- _Provided information_
=====

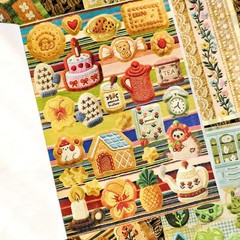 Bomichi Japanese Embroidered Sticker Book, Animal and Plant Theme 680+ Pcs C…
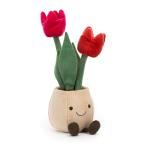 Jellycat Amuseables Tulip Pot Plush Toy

=====

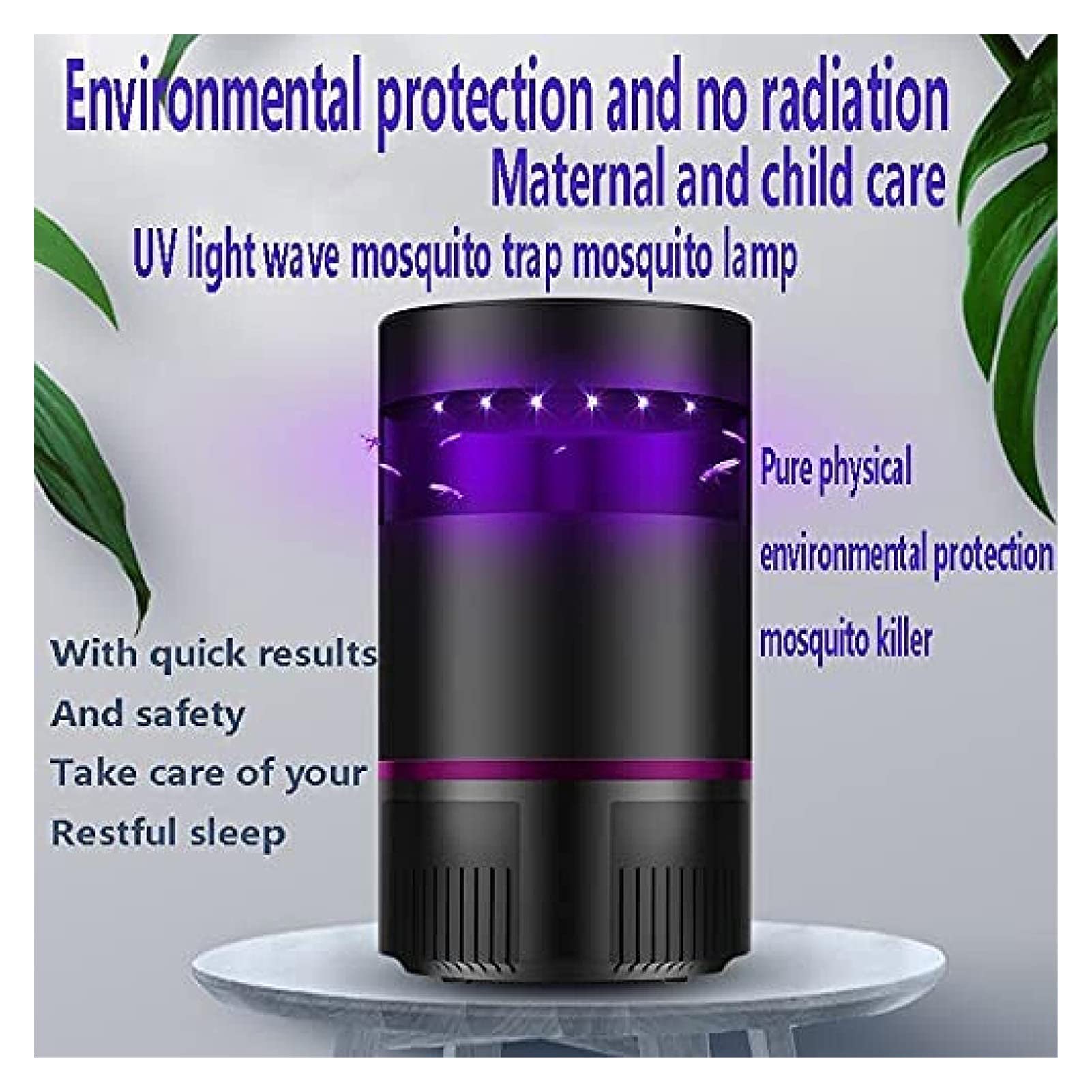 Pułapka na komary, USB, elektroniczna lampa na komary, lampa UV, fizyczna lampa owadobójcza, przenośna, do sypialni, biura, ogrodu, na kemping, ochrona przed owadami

=====

- _Exercise instructions_
Above this task is a listing with pictures in it. Retype only the lines from the one containing "Bomichi Japanese Embroidered" through the one containing "Jellycat Amuseables Tulip Pot Plush Toy", both included, and not the pictures.

- _Output of the task_
 Bomichi Japanese Embroidered Sticker Book, Animal and Plant Theme 680+ Pcs C…
 Jellycat Amuseables Tulip Pot Plush Toy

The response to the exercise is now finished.